Stalking the Elephant Kings: In Search of Laos, which was published in 1997, presents a look at life in Laos over the course of two decades since the communist takeover of the country 1975 and provides a commentary on the history of the region under its former monarchy. The book was published in the United States, Britain, and Thailand. In 2003, it was updated and re-issued as Bamboo Palace.

The Carpet Wars: From Kabul to Baghdad: A Ten-Year Journey along Ancient Trade Routes, which was published in 2002, is a portrait of Afghanistan and Islam in crisis. It was published in nine countries, including Japanese and Spanish translations, and became a bestseller in several countries.

Inhaling the Mahatma, which was published in 2008, is a personal history of India that focuses on the events and people that the author experienced during the decade he spent living and working in that country. It is a personal and lyrical account of India, focusing on the Northern Indian temple town of Ayodhya and the Indian literary and religious classic, the Ramayana.

In 2011, Kremmer published his debut novel, The Chase, which is based on the life of his father, who rode racehorses in the 1940s and '50s in Sydney.

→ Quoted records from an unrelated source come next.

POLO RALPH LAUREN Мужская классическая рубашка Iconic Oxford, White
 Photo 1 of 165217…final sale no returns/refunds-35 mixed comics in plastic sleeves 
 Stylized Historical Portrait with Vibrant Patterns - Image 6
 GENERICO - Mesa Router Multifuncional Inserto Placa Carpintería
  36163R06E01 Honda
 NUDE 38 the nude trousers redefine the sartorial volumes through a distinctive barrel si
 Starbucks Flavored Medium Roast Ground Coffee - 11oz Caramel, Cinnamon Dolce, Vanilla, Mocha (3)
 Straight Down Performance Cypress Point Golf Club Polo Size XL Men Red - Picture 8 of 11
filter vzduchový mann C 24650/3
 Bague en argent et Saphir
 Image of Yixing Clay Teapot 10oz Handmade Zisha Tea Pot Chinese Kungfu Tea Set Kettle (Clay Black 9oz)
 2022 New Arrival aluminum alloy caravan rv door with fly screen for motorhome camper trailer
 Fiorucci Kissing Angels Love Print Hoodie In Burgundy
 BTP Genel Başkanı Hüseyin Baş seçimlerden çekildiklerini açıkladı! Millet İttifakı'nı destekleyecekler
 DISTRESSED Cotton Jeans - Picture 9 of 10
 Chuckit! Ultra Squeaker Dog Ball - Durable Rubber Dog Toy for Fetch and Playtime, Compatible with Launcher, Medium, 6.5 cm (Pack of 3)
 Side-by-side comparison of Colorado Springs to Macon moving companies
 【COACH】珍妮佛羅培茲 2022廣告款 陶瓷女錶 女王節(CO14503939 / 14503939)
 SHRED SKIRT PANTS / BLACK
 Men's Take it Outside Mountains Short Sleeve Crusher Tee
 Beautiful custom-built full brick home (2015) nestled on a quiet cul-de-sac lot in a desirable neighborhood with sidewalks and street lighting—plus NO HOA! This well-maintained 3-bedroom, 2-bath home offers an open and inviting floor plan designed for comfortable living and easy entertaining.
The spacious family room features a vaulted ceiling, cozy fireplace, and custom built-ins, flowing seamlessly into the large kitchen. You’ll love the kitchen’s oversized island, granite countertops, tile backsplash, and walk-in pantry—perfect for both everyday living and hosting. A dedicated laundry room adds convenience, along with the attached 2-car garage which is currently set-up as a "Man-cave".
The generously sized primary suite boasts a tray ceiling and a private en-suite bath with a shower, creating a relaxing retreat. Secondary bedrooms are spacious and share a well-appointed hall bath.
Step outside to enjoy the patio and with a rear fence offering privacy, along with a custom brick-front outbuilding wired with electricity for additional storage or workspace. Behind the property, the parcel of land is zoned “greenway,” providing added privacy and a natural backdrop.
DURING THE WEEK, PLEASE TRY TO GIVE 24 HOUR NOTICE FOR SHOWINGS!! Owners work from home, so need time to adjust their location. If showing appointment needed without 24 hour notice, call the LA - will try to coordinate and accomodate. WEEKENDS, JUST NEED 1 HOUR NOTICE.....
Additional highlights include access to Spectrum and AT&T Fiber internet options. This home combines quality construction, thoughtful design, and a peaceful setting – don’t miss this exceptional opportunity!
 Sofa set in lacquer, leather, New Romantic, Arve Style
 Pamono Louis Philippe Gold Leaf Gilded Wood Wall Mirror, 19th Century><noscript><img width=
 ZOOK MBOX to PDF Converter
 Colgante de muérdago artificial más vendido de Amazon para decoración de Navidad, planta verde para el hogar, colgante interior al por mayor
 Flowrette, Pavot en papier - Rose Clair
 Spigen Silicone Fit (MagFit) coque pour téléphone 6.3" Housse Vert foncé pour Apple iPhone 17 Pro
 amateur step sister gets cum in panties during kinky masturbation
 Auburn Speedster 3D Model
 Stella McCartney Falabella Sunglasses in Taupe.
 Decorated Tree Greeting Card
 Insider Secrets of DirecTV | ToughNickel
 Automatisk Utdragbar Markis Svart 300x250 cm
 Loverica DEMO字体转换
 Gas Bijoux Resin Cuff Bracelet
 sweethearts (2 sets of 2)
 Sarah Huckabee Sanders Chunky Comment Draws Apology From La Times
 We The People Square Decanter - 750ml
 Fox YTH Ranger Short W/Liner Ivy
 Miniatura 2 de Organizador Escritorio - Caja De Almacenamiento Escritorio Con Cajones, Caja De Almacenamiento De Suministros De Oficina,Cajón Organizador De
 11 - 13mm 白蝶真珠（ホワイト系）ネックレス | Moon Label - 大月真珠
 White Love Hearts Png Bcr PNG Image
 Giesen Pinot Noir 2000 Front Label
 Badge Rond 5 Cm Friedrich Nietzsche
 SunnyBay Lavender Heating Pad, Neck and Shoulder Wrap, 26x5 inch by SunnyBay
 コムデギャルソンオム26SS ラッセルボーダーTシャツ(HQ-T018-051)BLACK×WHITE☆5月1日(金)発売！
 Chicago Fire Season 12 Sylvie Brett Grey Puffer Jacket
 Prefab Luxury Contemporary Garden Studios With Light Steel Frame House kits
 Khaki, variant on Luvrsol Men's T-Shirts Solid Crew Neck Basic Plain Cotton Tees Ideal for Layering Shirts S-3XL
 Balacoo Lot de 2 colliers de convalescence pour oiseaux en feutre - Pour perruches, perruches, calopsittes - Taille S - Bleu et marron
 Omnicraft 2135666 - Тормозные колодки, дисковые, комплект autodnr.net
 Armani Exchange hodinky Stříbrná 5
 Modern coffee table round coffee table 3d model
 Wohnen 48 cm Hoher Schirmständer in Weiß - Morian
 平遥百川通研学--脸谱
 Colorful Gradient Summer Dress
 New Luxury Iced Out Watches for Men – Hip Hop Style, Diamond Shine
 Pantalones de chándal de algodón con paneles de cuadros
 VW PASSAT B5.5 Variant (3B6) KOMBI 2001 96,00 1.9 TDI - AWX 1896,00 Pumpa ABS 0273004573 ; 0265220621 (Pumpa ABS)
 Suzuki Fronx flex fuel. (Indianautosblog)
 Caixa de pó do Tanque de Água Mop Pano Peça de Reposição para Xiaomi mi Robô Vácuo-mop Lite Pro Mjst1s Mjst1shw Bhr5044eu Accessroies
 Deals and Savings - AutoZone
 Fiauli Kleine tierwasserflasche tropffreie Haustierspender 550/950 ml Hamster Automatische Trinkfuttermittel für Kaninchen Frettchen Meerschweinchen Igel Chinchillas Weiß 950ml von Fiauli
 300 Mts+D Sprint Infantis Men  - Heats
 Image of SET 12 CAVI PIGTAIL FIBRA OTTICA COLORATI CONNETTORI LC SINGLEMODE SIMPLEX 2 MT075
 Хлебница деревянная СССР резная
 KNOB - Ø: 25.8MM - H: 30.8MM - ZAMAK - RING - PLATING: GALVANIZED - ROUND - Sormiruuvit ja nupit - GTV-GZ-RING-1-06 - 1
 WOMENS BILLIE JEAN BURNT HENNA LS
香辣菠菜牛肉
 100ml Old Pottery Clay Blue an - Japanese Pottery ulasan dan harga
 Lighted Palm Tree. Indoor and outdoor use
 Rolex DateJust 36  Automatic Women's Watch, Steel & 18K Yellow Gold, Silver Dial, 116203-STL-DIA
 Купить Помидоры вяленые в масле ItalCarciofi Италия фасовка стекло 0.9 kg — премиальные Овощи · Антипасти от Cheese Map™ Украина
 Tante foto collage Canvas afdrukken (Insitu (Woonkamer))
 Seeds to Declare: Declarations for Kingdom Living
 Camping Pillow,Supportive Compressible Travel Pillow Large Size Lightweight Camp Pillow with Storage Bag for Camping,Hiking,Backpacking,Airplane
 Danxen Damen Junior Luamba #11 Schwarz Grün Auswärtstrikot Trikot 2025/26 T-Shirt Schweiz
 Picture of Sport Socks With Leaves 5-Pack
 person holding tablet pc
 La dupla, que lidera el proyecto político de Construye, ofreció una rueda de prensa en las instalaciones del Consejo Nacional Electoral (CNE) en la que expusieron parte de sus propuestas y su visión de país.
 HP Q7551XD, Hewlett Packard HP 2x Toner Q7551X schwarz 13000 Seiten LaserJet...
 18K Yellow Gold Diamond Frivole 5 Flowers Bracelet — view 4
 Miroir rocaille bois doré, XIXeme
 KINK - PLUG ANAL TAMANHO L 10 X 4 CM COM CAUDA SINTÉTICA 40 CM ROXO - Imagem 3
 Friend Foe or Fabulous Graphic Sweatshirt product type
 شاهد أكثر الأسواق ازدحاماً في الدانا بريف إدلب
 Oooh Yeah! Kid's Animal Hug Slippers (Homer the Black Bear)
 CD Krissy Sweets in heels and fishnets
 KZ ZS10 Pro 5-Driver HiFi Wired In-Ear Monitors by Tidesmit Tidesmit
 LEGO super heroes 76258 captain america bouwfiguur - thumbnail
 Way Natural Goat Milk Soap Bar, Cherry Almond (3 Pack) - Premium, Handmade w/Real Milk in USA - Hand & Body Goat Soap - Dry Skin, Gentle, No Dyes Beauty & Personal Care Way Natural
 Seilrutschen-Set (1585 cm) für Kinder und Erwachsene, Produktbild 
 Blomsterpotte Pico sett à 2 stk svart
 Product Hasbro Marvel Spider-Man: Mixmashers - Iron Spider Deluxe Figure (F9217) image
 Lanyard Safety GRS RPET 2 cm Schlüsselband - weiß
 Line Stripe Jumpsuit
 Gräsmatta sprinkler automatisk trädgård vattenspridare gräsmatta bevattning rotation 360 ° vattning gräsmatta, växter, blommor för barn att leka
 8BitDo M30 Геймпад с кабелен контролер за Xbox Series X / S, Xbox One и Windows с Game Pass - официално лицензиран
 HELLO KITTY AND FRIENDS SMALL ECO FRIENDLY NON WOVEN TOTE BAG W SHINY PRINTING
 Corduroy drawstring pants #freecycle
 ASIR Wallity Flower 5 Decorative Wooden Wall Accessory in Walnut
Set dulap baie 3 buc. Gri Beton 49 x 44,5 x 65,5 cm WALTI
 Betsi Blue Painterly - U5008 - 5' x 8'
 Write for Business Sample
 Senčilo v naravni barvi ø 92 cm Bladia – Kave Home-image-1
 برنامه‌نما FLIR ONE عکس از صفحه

Kremmer has also contributed to the anthology "Courage, Survival, Greed", which was commissioned by Sydney PEN. In his essay, he examines the concept of greed from various perspectives, including social, historical, economic and cultural. The anthology also features essays from Anna Funder and Melissa Lucashenko, who explore the themes of courage and survival respectively. The collection of essays provides a nuanced look at contemporary issues facing Australia.

=== Academia ===
In 2013, Kremmer was awarded a doctorate in creative arts from Western Sydney University, where he had undertaken research into truth claims in the historical novel. In 2014, he became senior lecturer at the Centre for Advancing Journalism in the Graduate School of Arts and Social Sciences at the University of Melbourne. He now teaches literary and narrative journalism practice at the University of New South Wales in Sydney. He is an honorary fellow of the Australia India Institute and has conducted research as an honorary research fellow at the University of Wisconsin-Madison in the United States.

=== Awards ===
Kremmer's book "Stalking the Elephant Kings: In Search of Laos" won the inaugural Qantas/City of Brisbane Prize for Asia-Pacific Travel Writing in 1997. His book "The Carpet Wars: From Kabul to Baghdad: A Ten-Year Journey along Ancient Trade Routes" was shortlisted for The Age Book of the Year in 2002. "Inhaling the Mahatma" was shortlisted for the Australian Book Industry Awards for Best Nonfiction Book.